The optimal surgical methods and suitable timing for synchronous bilateral lung cancer are still debated. Tanvetyanon et al. [21] analyzed 467 patients with multi-lobe synchronous multiple lung cancers. The results revealed that the histology of adenocarcinoma could independently predict the survival rate in multivariate analysis combining histology, sex, age, maximum T-size, highest N-stage, and laterality. They also highlighted that several N0 and T sized ≤3 cm, patients under 70 years of age, and female sex were favorable survival predictors. This research analyzed survival predictors for surgeons to select appropriate patients; unfortunately, it did not mention the surgical methods—whether single-stage or two-stage. Mun and Kohno [6] suggested a performance status of 3 or higher, when the predicted postoperative FEV 1 was < 800 mL, and bilateral lobectomy recommended staged pulmonary resections. Our research with 35 patients was selected on the premise that patients had good performance status (0–1), an FEV 1/FVC greater than 75%, and were cN0. To the best our knowledge, this is the largest study of surgical outcomes in patients with SMPLCs who underwent simultaneous bilateral pulmonary resection. There was no postoperative 30-day mortality, and the postoperative course was uneventful in 71.4% of cases. In the current study, the rate of postoperative complications was 28.6% (10/35), including pneumonia (n = 6), air leak (n = 1), atrial fibrillation (n = 2), pneumonia combined with air leak (n = 1), and respiratory and cardiac morbidities after the operation had been reported [10]. Of those with postoperative complications, the incidence of pneumonia was higher in the L-SL group than in the SL-SL group with a similar operative time. In the past few years, the duration of surgical resection (> 2 h) has presented an increased risk of pulmonary complications [10]; however, in our study—with a similar operative time and higher pneumonia morbidity—simultaneous bilateral SL-SL resection was the preferred therapeutic option compared to simultaneous bilateral L-SL resection, even if both are feasible and safe.

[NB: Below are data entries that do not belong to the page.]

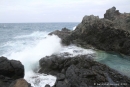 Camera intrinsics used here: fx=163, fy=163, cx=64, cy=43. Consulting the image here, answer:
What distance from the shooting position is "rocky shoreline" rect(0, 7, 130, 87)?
8232mm

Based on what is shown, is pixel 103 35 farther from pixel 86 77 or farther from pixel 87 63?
pixel 86 77

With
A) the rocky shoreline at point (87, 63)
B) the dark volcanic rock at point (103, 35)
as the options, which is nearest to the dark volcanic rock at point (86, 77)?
the rocky shoreline at point (87, 63)

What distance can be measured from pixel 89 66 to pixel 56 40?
1511 cm

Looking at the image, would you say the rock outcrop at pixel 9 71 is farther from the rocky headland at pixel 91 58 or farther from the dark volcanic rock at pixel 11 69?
the rocky headland at pixel 91 58

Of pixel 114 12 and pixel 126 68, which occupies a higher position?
pixel 114 12

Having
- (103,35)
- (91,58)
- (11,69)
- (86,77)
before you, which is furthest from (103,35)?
(11,69)

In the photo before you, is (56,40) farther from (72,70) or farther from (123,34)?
(72,70)

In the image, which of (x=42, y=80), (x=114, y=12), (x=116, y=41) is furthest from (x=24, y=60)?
(x=114, y=12)

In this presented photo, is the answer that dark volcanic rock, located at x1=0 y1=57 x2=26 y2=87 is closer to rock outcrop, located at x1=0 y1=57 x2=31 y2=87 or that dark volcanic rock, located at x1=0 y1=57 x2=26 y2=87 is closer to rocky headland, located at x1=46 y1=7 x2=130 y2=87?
rock outcrop, located at x1=0 y1=57 x2=31 y2=87

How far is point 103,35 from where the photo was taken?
75.5ft

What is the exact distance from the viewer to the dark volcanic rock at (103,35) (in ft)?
70.9

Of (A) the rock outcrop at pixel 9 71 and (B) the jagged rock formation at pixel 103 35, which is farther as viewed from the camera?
(B) the jagged rock formation at pixel 103 35

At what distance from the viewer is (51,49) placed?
21.9m

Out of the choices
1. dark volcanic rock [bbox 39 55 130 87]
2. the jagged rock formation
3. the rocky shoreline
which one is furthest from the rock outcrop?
the jagged rock formation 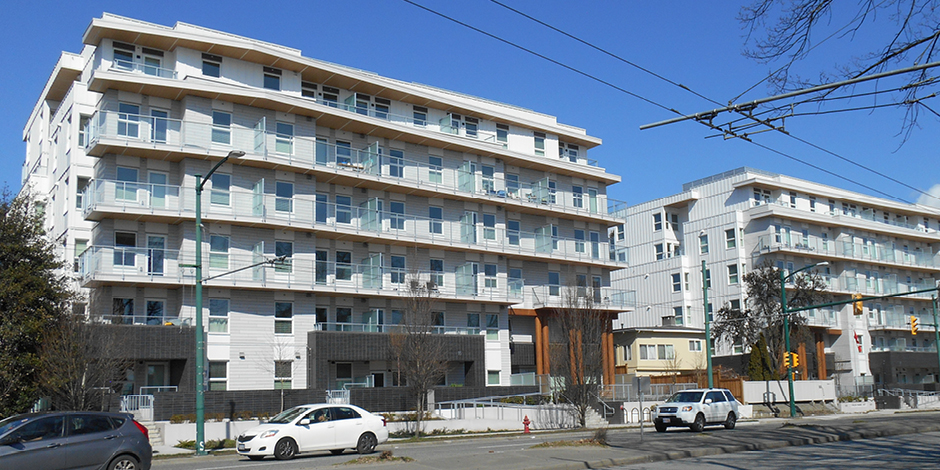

The results of this study indicate that simultaneous bilateral pulmonary resection by uniportal VATS may be a safe and feasible technique for patients with performance status (0–1), FEV 1/FVC more than 75%, and who are cN0. Given these conditions, for SMBPNs with GGO-dominant (CTR < 0.5), it is preferable to opt for simultaneous SL-SL pulmonary resection. For SMBPNs with GGO component (CTR > 0.5) contralateral GGO component (CTR < 0.5), it is preferable to opt for simultaneous L-SL pulmonary resection for selected patients. Additionally, for those patients with poor performance status and pulmonary function testing, a staged resection along with a bilateral lobectomy is preferred.

Finally, our research had several limitations. First, the selection of patients was biased because this is a single-center retrospective study. Second, the sample size was small, as only 35 patients underwent the evaluation. Finally, the follow-up time was short, and the evaluation of long-term survival is lacking. Therefore, multi-center design research with a larger sample size and a longer follow-up time is required to verify our conclusions.

Conclusions

Simultaneous bilateral pulmonary resections by uniportal VATS is a feasible and safe procedure in appropriate patients. However, simultaneous L-SL pulmonary resections for bilateral nodules can increase the risk of developing pneumonia.